Introduction to South Sudan
Described as the last unexplored region in the world, South Sudan is trough-like shaped by highlands, mountains and hills at its eastern, southern and western borders.
Covering an area of just over 330,000 sq. miles (over 660,000 sq. km), or about one third the size of Western Europe, it has numerous streams, seasonal and all-season rivers flowing into the central trough from the bordering mountains, hills and from the forests of the Congo-water divide that disappear under a canopy of greenery and the expansive vegetation of the Sudd, the largest grass swamp in the world.
The Sudd breaths in and out once a year, acknowledging both the dry and the wet seasons. Breathing in, it dries up seasonal streams, contracts in rivers and her own size and leaves behind large expands of dry savannah and scattered pools far and wide. Breathing out, she swells her own chest, assisting rivers and streams to overflow their banks and flood large expands of the savannah, thus swallowing up the scattered lakes. This way it regulates and controls the livelihood of cattle herders, fishermen and wildlife alike.
Significantly, is the White Nile, which enters South Sudan at Sudan-Uganda border town of Nimule, thundering through forested hillsides, rocks and cataracts before slowing down as it approaches to the South’s main city of Juba, Central Equatoria state.
At the town of Bor, Jonglei State it branches out and practically disappears under the Sudd to re-emerge just before flowing past the provincial city of Malakal. It flows out into the open grassland and scattered woodland, across the border into Northern Sudan, where it joins the Blue Nile at Khartoum to form the River Nile that flows on to Egypt and into the Mediterranean.
In spite of the Sudd and floating vegetation, the White Nile is navigable throughout the year from Juba to Khartoum.
The Peace Process and Political Situation
The Comprehensive Peace Agreement (CPA) signed in Nairobi, Kenya on 9th January 2005 ended the 21 year old civil war that pitied South Sudan against North Sudan.
The CPA allowed for the Constitution of the Sudan for the Interim Period. The Government of National Unity (GONU) and an appointed National Assembly was set up in Khartoum. In addition, the Interim Constitution for South Sudan was passed by an appointed Assembly of South Sudan.
The Government of South Sudan (GOSS) is established in Juba, Central Equatoria State along with the Assembly of South Sudan. The governments of the ten southern states and their parliaments are also established in the capitals of their individual states.

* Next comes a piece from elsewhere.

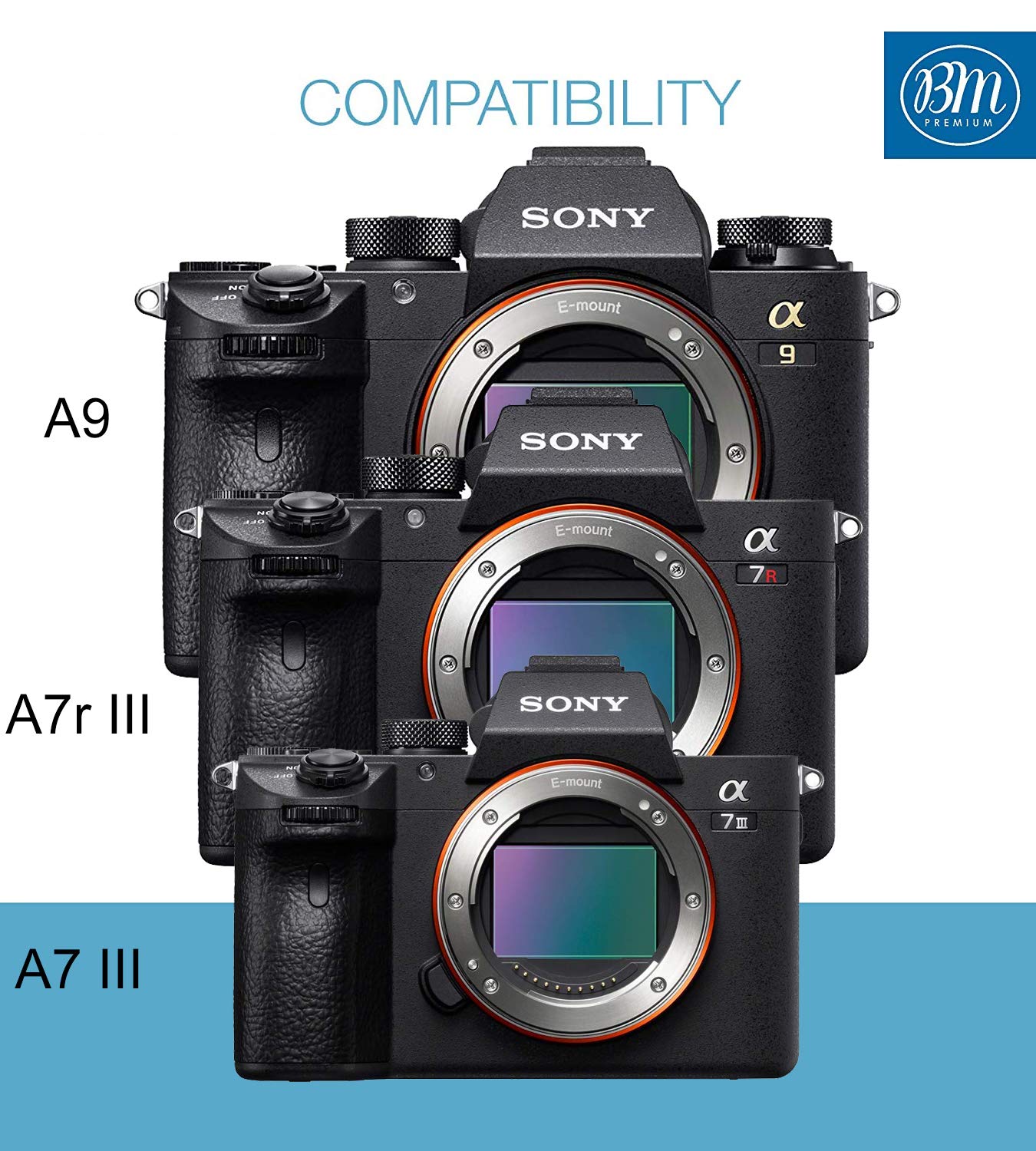 Bm Premium 2 Pack Of Np Fz100 Batteries And Dual Bay Charger For Sony Alpha 1, Fx3, A7C, A7S Iii, A6600, A7R Iv, A7Riii, A7R3, A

To date, refugees and internally displaced populations are streaming back to non-existent homes in the south while the local and international communities are doing their best to accommodate the returnees. The first official repatriation carried out by the United Nations High Commission for Refugees, UNHCR, out of Kenya took place in December 2005.
SPLA troops have withdrawn from the North while most of the Northern troops have also bee redeployed in the North. Equal numbers from SPLA and the Northern troops have been integrated to form a national armed force; and while most of these joint integrated units (JUI) are based in the South, some of them are based in the North, mostly in Khartoum.
Landmines have been removed from the main roads linking Juba to East Africa. However, de-mining is on going around other towns and roads.
Wildlife and Tourism
With extensive forests, grassland, lakes, rivers and the Sudd, South Sudan has had extensive wildlife to rival that of East Africa. However, the civil war scattered or diminished the wildlife population, in particular the big game that was easily accessible to tourists close to the towns.
Although the Sudan People’s Liberation Movement (SPLM) in the later years of the civil war made brave attempts at the preservation of threatened species like the elephant and the rhino, a lot more remains to be done in peace time to bring their numbers up to an appreciable levels. The tourism industry needs to be established as soon as pockets of insecurity are effectively dealt with.
Caution: Although the war is officially over, security is still a priority and one should check onward travel at every stage. Many roads are still land-mined and there are still many guns in the hands of tribal groups or individuals.